Décryptage

J’ai enfin pris le temps de lire le phénomène manga Jojo’s Bizarre Adventure

13 août 2023
Par Samuel Leveque
“JoJo's Bizarre Adventure” est désormais une œuvre culte.
“JoJo's Bizarre Adventure” est désormais une œuvre culte. ©Hirihiko Araki/David Production

La publication du manga Jojolion vient de s’achever en France, et il m’a semblé intéressant de me plonger dans la franchise Jojo’s Bizarre Adventure, qui a pris une place très particulière dans la pop culture mondiale depuis quelques années.

À 63 ans, le mangaka Hirohiko Araki n’a plus rien à prouver. Il a vendu des dizaines de millions d’ouvrages, a reçu les médailles les plus prestigieuses du monde culturel, a été exposé au Louvre, et a même un prix littéraire à son nom. Pourtant, il n’est quasiment connu que pour une seule œuvre, qu’il dessine avec acharnement depuis 1987 : Jojo’s Bizarre Adventure.

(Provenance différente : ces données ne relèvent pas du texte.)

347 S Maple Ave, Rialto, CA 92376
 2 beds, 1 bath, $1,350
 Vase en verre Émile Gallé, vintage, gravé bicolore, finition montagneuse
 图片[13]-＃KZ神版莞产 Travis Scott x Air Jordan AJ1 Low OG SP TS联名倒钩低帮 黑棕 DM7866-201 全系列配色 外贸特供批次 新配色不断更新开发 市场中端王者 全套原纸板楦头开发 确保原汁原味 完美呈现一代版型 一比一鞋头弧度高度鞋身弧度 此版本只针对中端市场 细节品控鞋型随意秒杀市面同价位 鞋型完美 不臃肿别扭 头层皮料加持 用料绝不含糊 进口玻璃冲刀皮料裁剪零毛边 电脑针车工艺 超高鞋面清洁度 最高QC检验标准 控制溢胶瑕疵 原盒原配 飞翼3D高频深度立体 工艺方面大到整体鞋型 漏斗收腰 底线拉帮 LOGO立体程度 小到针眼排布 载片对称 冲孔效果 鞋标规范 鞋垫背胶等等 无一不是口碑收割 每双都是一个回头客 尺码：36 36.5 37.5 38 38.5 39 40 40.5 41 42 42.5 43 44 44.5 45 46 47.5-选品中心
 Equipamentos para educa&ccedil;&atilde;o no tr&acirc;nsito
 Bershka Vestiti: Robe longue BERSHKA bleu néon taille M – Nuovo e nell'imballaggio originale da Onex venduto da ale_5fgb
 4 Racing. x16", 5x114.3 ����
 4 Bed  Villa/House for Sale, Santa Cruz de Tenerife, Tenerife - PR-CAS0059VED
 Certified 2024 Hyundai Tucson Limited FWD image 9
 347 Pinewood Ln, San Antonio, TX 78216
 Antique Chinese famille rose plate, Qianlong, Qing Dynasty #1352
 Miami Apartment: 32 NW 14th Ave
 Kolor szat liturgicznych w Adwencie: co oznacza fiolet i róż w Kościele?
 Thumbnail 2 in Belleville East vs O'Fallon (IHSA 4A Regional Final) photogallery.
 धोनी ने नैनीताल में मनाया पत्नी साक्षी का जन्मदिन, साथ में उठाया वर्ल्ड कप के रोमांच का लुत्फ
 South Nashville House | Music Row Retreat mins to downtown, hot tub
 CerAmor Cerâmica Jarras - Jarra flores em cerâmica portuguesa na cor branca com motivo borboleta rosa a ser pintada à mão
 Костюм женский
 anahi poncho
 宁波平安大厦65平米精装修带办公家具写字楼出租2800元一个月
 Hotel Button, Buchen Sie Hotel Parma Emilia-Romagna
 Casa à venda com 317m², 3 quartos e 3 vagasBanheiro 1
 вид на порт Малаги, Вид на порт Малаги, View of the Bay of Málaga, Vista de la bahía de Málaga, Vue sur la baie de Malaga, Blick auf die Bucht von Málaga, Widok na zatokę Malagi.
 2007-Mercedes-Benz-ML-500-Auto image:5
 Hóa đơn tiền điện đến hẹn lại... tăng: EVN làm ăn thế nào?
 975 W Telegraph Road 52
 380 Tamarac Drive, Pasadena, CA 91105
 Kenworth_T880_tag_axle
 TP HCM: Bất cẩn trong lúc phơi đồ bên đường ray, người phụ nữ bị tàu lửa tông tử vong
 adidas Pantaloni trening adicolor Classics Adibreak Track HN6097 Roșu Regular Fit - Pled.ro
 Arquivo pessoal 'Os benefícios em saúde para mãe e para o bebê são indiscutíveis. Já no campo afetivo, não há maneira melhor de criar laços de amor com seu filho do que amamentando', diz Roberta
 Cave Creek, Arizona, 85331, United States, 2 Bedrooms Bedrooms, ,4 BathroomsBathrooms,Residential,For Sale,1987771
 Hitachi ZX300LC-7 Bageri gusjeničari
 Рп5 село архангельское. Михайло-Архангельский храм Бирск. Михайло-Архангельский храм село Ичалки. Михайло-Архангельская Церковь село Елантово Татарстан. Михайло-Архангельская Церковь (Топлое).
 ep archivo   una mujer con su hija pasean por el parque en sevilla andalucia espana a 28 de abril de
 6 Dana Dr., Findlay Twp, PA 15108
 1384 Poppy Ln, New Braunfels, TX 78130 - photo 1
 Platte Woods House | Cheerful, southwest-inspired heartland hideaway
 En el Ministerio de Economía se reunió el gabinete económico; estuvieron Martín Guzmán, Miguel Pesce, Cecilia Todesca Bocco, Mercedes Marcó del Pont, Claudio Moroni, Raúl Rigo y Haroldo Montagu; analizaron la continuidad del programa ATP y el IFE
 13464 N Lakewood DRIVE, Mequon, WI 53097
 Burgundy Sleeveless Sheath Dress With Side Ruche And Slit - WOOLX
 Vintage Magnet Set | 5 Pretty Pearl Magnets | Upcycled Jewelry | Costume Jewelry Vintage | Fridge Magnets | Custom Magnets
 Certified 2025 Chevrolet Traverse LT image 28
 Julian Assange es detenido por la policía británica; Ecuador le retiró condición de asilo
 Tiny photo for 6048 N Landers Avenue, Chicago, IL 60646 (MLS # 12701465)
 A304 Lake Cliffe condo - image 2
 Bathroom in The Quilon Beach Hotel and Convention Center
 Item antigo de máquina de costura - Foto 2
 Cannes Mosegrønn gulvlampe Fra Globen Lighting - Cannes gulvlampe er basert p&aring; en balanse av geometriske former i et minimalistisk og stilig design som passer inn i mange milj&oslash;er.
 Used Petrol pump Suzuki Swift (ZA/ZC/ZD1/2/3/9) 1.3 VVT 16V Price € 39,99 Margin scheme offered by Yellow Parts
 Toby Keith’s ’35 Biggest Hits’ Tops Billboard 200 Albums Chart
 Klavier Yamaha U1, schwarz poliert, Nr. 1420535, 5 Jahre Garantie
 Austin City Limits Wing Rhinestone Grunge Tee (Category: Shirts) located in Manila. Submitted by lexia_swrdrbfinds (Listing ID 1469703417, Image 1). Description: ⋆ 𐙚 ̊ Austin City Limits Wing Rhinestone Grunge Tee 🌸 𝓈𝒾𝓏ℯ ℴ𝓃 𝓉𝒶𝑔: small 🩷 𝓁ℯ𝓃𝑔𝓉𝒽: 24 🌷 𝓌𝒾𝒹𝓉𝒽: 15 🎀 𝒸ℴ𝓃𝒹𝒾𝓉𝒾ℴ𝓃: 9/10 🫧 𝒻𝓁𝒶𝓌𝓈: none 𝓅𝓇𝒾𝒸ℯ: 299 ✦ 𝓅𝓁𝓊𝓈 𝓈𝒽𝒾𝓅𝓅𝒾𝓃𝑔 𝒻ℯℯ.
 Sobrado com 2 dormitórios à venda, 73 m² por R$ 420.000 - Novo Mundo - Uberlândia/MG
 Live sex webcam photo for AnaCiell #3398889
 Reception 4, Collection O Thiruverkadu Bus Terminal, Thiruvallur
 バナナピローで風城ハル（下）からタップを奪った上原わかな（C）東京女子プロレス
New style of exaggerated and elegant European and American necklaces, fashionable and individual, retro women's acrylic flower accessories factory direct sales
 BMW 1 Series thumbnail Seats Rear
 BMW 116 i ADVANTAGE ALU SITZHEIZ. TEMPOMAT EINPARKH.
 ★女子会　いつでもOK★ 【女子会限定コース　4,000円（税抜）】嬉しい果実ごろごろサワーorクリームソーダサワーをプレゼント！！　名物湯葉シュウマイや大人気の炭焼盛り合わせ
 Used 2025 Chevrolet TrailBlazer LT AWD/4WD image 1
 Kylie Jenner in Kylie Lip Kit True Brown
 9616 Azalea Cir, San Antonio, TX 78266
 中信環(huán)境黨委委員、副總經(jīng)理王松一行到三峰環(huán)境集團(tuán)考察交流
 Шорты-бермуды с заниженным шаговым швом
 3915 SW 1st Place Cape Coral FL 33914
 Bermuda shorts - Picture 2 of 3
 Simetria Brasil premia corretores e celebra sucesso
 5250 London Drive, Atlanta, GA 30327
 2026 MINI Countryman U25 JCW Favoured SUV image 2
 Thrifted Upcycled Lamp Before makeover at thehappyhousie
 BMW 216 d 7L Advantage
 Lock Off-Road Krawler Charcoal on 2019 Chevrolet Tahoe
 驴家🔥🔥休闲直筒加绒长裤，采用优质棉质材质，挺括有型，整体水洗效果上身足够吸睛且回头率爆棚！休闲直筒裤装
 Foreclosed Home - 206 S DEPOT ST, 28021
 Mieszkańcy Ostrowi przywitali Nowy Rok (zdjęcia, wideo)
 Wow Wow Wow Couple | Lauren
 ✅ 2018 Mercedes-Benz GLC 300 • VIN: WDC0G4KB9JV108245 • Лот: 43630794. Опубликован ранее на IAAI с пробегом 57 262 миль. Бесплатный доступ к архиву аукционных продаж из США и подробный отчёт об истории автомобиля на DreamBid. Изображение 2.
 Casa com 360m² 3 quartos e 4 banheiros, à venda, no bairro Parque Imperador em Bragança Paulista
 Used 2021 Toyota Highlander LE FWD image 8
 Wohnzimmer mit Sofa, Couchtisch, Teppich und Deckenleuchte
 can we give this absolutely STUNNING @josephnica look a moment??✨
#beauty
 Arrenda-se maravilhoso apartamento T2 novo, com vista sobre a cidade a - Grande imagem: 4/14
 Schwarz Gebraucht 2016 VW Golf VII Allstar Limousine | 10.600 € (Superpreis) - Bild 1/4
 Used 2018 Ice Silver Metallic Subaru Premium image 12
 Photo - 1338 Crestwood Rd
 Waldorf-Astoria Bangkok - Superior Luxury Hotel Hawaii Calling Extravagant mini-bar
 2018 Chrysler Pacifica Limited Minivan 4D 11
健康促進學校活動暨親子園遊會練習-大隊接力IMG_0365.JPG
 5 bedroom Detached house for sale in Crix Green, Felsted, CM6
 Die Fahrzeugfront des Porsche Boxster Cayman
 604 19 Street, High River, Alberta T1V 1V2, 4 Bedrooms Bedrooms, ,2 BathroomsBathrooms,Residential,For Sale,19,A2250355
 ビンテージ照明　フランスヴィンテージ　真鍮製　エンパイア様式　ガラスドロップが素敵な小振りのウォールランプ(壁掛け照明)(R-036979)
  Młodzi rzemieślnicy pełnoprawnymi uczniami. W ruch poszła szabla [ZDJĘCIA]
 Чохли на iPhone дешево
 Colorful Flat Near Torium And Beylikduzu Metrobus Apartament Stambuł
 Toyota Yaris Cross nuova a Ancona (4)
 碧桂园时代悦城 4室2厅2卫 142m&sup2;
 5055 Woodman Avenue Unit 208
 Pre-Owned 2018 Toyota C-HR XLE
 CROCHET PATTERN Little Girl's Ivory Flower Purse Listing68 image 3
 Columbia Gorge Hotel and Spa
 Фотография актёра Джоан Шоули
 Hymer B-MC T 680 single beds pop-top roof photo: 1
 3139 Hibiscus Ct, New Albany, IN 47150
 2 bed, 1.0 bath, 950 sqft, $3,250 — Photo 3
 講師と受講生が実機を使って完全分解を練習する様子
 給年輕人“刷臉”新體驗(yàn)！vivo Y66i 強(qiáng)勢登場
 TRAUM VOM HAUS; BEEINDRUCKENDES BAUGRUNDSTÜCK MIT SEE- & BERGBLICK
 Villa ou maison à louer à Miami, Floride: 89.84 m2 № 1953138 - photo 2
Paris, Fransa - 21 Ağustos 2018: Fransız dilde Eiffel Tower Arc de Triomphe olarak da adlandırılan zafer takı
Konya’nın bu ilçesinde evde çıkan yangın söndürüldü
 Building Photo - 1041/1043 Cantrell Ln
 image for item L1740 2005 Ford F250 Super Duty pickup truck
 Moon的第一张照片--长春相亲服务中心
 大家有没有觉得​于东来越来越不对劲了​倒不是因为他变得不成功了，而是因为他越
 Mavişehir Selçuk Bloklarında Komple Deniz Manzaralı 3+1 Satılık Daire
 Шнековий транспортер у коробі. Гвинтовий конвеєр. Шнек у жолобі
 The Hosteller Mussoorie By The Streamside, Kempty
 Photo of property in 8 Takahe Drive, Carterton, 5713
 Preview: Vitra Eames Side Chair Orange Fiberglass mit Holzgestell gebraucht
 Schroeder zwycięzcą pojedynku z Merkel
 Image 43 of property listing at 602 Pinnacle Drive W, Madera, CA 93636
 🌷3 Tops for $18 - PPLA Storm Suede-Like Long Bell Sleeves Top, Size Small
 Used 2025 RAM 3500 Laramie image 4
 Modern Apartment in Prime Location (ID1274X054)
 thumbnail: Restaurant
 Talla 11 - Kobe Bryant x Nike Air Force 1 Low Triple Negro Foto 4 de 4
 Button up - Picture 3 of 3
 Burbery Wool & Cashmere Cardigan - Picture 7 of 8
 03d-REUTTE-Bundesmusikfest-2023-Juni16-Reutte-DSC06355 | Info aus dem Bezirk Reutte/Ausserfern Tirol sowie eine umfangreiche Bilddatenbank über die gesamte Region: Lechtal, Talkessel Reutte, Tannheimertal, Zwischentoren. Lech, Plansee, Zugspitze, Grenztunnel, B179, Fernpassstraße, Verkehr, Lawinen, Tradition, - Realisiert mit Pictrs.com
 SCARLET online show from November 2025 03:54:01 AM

Un titre adapté en plusieurs séries d’animations, en jeux vidéo, en romans et même en films en prise de vue réelle, et dont l’influence sur la pop culture moderne est gigantesque.

Une série qui a eu du mal à s’imposer en France

Retour à la fin des années 1990. Comme tous les lecteurs du vénérable magazine Anime Land, j’avais entendu parler de Jojo’s Bizarre Adventure, une série qui faisait sensation au Japon. Il y était question, semblait-il, de jeunes types avec des pouvoirs farfelus, capables d’invoquer des « stands », des sortes de doubles qui se battent à leur place. L’œuvre était déjà culte et avait inspiré plusieurs mèmes, mais elle restait assez inaccessible en France.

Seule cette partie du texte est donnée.